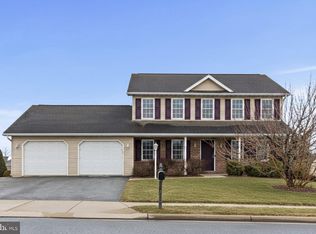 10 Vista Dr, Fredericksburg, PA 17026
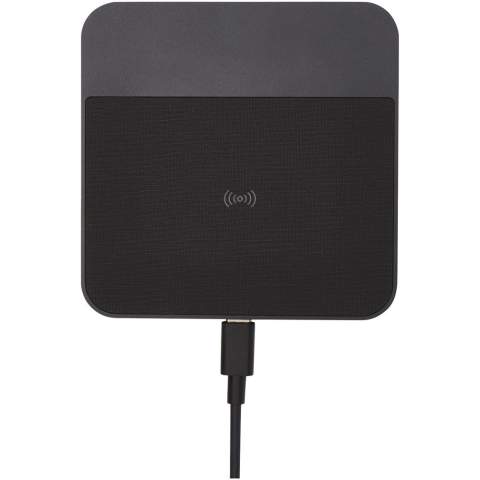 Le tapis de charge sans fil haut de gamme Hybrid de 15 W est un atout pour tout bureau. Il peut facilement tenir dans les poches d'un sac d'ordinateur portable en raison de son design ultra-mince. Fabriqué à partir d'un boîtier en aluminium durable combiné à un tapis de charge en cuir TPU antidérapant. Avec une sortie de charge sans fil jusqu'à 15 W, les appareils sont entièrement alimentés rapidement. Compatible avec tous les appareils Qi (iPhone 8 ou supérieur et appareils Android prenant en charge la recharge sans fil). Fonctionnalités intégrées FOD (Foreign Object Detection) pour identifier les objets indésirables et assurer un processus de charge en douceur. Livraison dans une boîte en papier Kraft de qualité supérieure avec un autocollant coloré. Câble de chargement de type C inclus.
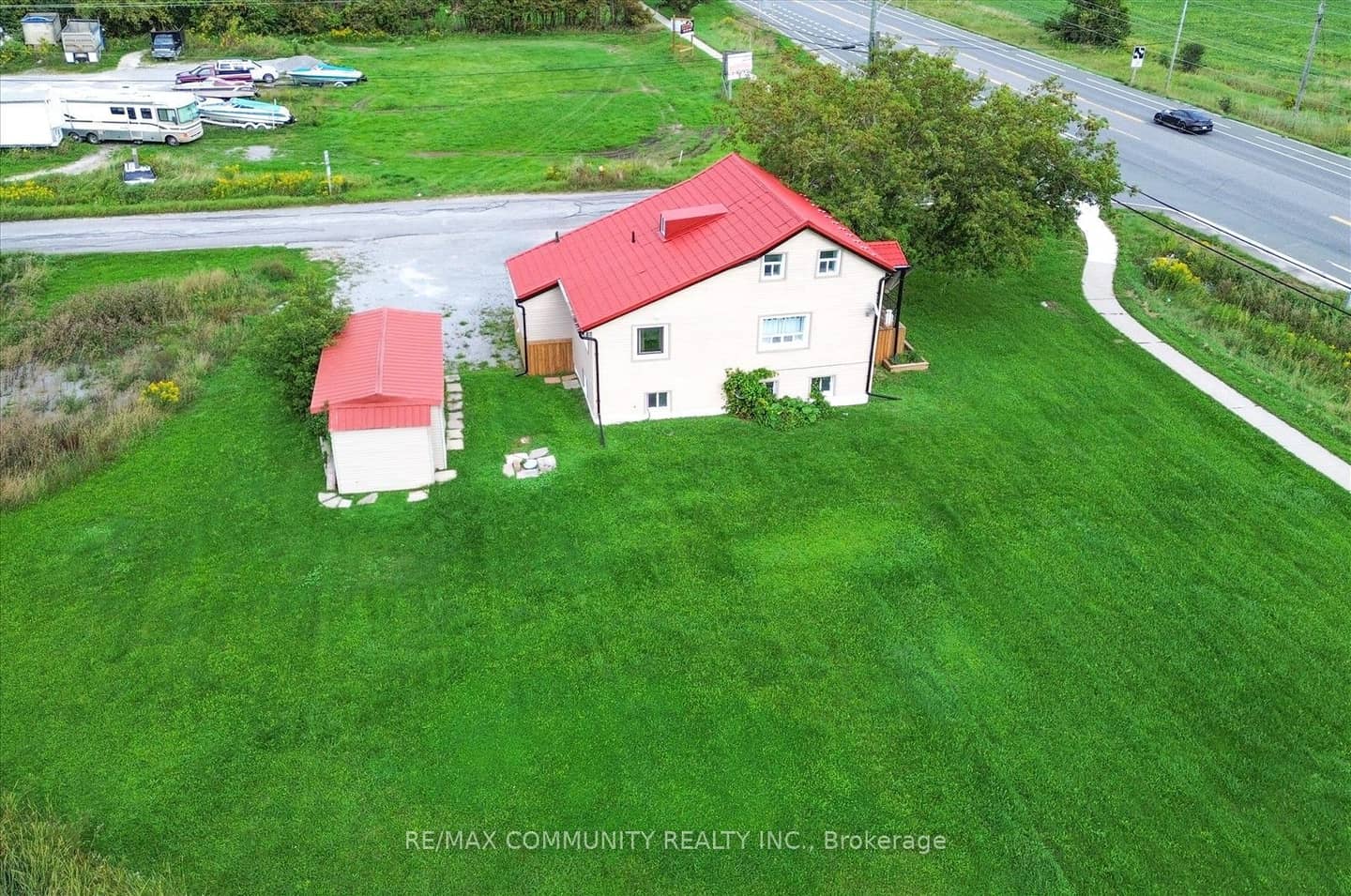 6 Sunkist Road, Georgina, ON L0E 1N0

*****

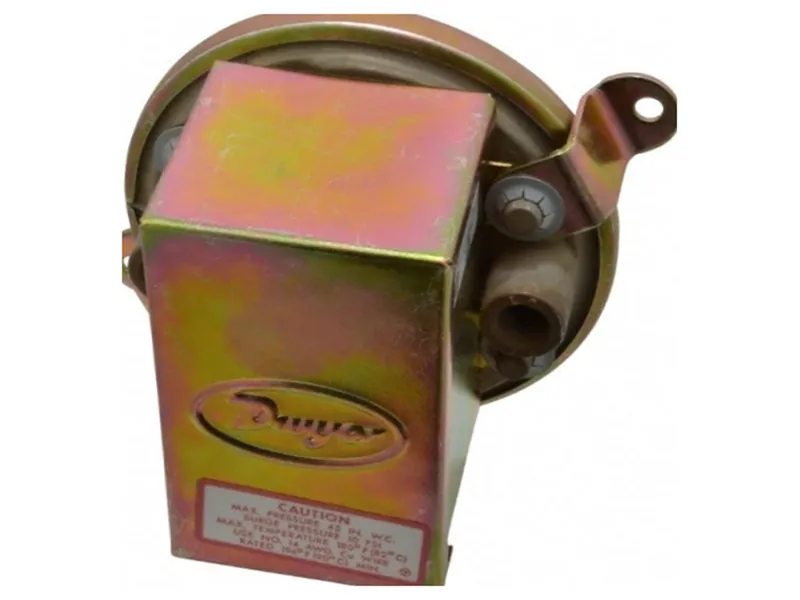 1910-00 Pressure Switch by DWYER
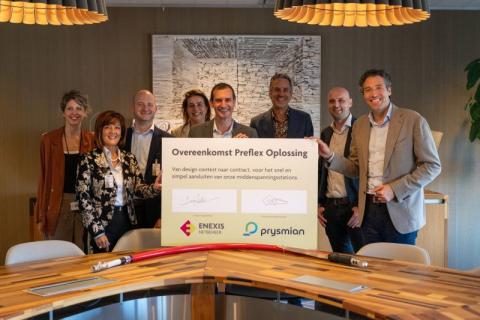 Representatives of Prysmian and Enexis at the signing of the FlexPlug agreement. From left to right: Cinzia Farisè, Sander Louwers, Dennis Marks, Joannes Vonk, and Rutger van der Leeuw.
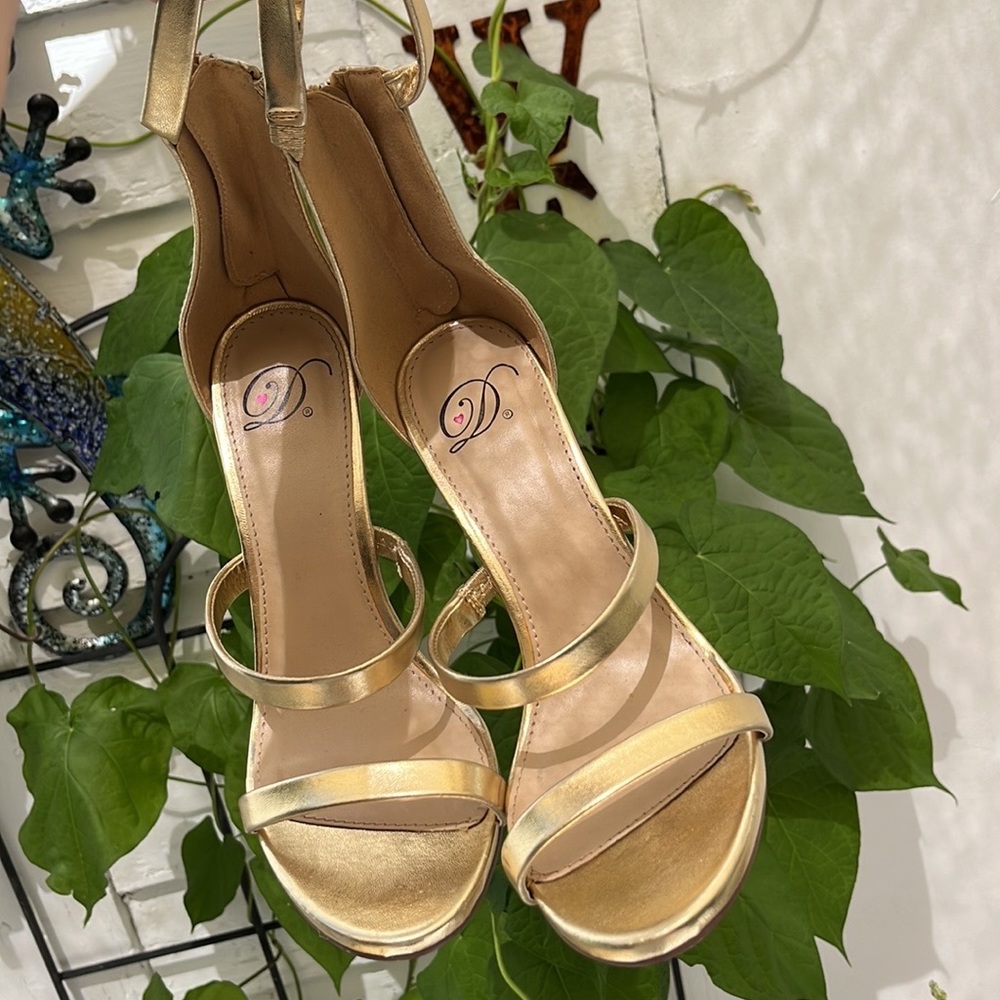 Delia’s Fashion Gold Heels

*****

▶ **Exercise**
What's needed is an exact copy of the records above from the line containing "Representatives of Prysmian" down to the line containing "Delia’s Fashion Gold Heels", both included, without any pictures.

▶ **Output of the exercise**
 Representatives of Prysmian and Enexis at the signing of the FlexPlug agreement. From left to right: Cinzia Farisè, Sander Louwers, Dennis Marks, Joannes Vonk, and Rutger van der Leeuw.
 Delia’s Fashion Gold Heels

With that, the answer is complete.